Pertumbuhan paylater ini terjadi di tengah anomali konsumsi rumah tangga menjelang lebaran. BPS kembali mencatat deflasi pada Februari 2025, baik secara tahunan (-0,09%), bulanan (-0,48%) maupun year to date (-1,24%). Meski, secara agregat, inflasi inti masih cukup baik 0,25% (bulanan) dan 2,48% (tahunan).

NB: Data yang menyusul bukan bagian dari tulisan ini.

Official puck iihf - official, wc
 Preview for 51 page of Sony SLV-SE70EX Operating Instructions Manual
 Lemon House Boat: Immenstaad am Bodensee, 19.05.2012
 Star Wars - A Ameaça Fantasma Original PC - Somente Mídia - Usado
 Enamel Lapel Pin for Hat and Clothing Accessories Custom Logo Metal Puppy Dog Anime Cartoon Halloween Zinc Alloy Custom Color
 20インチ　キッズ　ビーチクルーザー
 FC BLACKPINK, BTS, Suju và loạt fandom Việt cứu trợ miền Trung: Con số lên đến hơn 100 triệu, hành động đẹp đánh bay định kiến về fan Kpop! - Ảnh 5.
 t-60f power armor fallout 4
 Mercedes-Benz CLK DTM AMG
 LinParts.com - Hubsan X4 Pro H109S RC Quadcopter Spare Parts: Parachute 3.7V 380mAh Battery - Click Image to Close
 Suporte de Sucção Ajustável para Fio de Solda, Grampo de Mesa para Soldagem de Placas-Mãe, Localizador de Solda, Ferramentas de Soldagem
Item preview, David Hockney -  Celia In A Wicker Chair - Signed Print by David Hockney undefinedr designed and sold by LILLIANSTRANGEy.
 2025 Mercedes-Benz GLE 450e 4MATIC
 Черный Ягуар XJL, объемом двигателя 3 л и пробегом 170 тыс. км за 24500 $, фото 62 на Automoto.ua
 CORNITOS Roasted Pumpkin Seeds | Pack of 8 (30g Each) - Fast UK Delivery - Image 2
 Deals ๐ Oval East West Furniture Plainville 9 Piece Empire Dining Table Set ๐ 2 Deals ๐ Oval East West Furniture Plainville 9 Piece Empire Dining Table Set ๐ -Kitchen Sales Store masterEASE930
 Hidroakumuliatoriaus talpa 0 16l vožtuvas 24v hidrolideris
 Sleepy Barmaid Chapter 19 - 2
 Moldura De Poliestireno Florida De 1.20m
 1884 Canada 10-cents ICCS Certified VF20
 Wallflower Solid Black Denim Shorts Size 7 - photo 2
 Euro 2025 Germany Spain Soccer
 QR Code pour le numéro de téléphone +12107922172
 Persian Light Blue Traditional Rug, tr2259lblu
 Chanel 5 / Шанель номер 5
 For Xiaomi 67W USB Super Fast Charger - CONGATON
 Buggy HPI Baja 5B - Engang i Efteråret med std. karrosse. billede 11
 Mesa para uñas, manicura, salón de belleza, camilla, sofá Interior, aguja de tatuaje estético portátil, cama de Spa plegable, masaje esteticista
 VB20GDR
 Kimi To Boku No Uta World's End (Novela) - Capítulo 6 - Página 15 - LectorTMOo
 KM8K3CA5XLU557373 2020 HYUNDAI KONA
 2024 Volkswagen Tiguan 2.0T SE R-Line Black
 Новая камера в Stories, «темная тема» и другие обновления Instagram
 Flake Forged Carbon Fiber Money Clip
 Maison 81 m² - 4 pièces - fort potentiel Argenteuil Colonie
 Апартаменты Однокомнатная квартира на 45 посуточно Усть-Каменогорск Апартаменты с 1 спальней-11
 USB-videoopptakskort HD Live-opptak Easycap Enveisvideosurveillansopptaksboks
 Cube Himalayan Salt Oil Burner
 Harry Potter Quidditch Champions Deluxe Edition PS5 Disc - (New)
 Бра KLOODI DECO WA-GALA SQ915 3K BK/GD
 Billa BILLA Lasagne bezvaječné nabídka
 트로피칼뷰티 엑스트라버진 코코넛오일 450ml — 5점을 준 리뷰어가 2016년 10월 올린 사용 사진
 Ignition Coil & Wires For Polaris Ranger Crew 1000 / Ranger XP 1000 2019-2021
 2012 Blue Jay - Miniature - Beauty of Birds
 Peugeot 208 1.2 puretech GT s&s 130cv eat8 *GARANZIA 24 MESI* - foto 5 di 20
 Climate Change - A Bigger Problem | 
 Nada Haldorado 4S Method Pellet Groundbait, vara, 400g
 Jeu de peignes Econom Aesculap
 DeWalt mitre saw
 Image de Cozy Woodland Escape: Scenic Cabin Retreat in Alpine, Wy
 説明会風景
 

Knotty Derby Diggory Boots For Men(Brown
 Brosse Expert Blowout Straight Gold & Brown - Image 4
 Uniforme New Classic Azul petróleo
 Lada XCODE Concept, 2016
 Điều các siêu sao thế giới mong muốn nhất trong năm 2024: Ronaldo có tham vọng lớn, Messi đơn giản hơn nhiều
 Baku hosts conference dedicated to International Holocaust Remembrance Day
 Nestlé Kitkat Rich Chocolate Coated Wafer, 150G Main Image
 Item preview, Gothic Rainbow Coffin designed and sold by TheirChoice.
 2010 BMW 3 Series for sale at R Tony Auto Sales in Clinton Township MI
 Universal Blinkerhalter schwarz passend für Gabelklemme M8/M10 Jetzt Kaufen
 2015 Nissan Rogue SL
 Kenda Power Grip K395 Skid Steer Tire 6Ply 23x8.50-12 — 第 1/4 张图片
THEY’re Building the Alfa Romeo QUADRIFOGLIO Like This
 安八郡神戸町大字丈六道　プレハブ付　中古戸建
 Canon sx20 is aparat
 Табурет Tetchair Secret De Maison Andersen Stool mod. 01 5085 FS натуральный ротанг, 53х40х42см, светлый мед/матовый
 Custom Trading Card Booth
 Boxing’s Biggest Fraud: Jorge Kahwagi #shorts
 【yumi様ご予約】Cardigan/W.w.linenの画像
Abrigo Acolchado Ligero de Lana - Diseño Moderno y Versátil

Menurut lembaga itu, faktor terbesar penyumbang deflasi memang berasal dari kelompok pengeluaran perumahan, air, listrik dan bahan bakar rumah tangga, yang dipicu oleh insentif diskon tarif listrik 50% yang diberikan pemerintah untuk rumah tangga kelas menengah sejak dari Januari hingga Februari 2025 lalu.
Namun, janggalnya, deflasi pada Februari 2025 tidak hanya terjadi pada kelompok pengeluaran tersebut, melainkan juga pada kelompok makanan, minuman dan tembakau, dengan andil sebesar -0,12% secara bulanan.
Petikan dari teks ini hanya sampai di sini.